Informatique et libertés : La CNIL sommée d'anonymiser une décision concernant un tiers

Le Conseil d'État a enjoint à la présidente de la Commission nationale de l'informatique et des libertés (CNIL) de procéder à l'anonymisation des mentions d'une décision concernant un tiers. Rude coup pour une institution qui est supposée veiller à faire respecter des droits et libertés qu'elle ne respecte pas elle-même.

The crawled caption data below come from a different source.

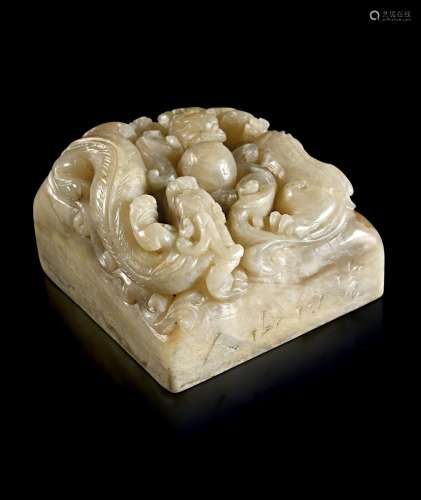 A CHINESE CARVED SHOUSHAN STONE RECTANGULAR 'DRAGON' SEAL 清...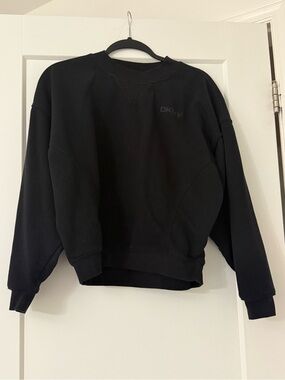 DKNY Black Crewneck Pullover Sweatshirt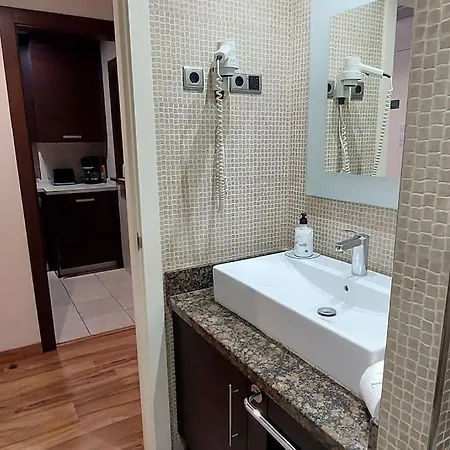 Elegante Alojamiento Con Piscina A 200 M Del Mar. Апартаменты *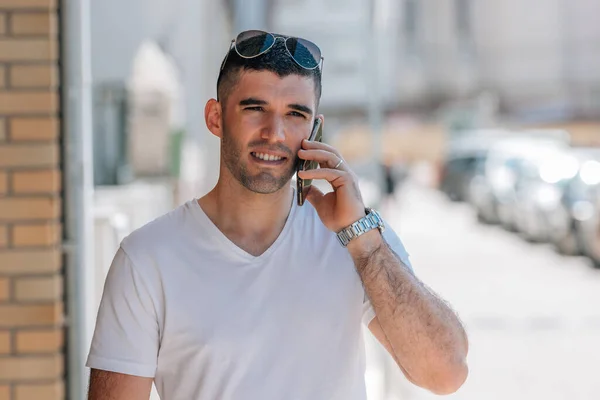 Jeune Homme Adulte Parlant Sur Téléphone Portable Smartphone Dans Rue — Photo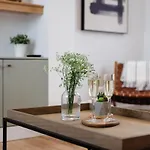14-16 Grosvenor Street Stylish Apartments - Chester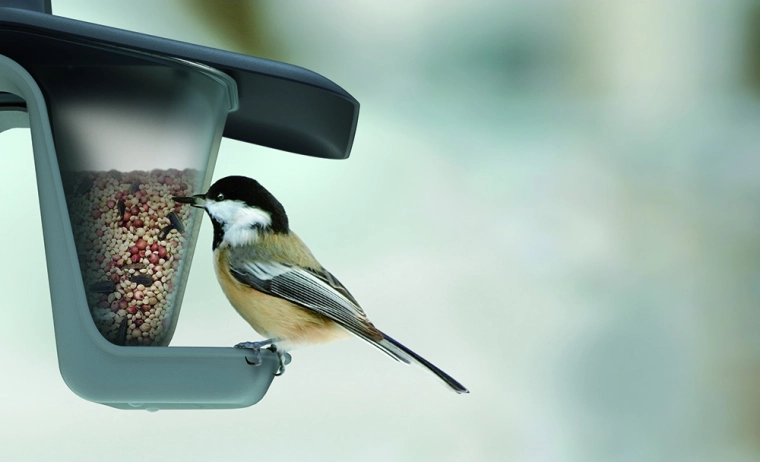 Krmivo v suchu díky šikmé stříšce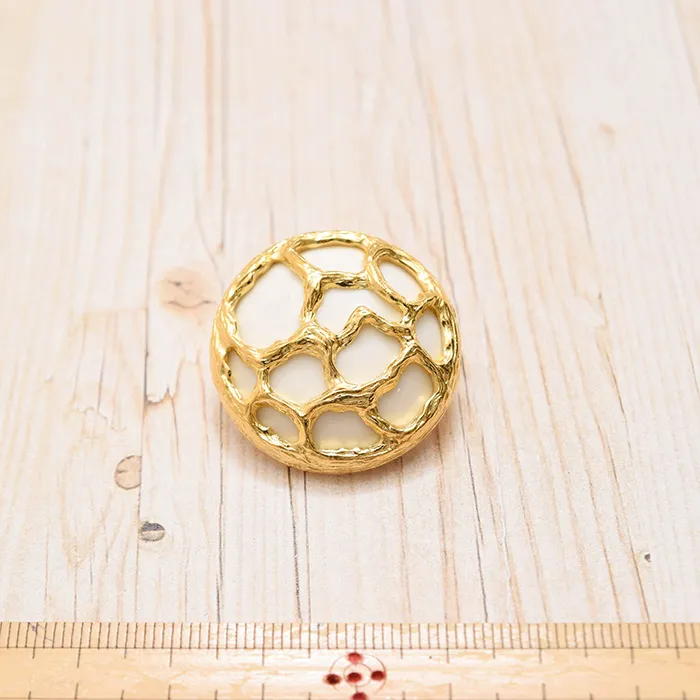 透かし風ボタン　30mm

En l'espèce, au mois d'août 2012, l'un des syndicats de la société Total raffinage marketing a saisi la CNIL d'une plainte relative à l'organisation des élections professionnelles qui devaient se tenir au mois d'octobre 2012 en utilisant un système de vote électronique mis en place par la société Election Europe et à l'issue de l'instruction contradictoire de cette plainte, la formation restreinte de la CNIL, constatant plusieurs manquements à la loi du 6 janvier 1978 relative à l'informatique, aux fichiers et aux libertés, a, par une délibération du 11 avril 2013, infligé à la société Total raffinage marketing la sanction de l'avertissement et l'a assortie d'une publication sur son site internet et sur le site Légifrance.
La société Election Europe n'était pas poursuivie par la CNIL dans le cadre de cette procédure et n'a fait l'objet d'aucune sanction, selon le dispositif de la délibération contestée mais la formation restreinte de la CNIL fait mention dans les motifs de ce que le système de vote électronique en litige était élaboré par cette société qui avait d'ailleurs présenté, de sa propre initiative, des observations au cours de la procédure à laquelle elle n'avait pas été attraite. Elle a donc demandé à la CNIL, le 24 juin 2013, que les mentions de la délibération de sanction du 11 avril 2013 la concernant ne soient pas publiées et c'est cette demande qui a été rejetée le 19 août 2013 par la présidente de la CNIL.
C'est vainement que la CNIL a opposé une fin de non-recevoir tirée de ce que la société Election Europe ne pouvait demander à ce qu'il lui soit enjoint « de procéder à une anonymisation de la décision faute d'avoir présenté en ce sens une demande préalable », la Haute juridiction administrative
« Lorsqu'un tiers demande soit qu'il ne soit pas procédé à la publication des mentions le concernant figurant dans une décision de sanction prononcée par la CNIL dont le dispositif ne lui fait pas grief, soit l'anonymisation de telles mentions dans la version publiée de cette sanction, l'autorité compétente est tenue de faire droit à cette demande, sous la seule réserve de la vérification de l'existence des mentions en litige », jugent les Sages du Palais-Royal sans faire grand cas des gesticulations de la CNIL ni de sa présidente et, y ajoutant, une indemnité de 3 000 euros que la CNIL devra verser à la société Election Europe au titre des frais irrépétibles. La CNIL a obtempéré selon les vérifications auxquelles a procédé LexTimes.fr, la décision ne figure plus sur son site et Légifrance a procédé à son anonymisation.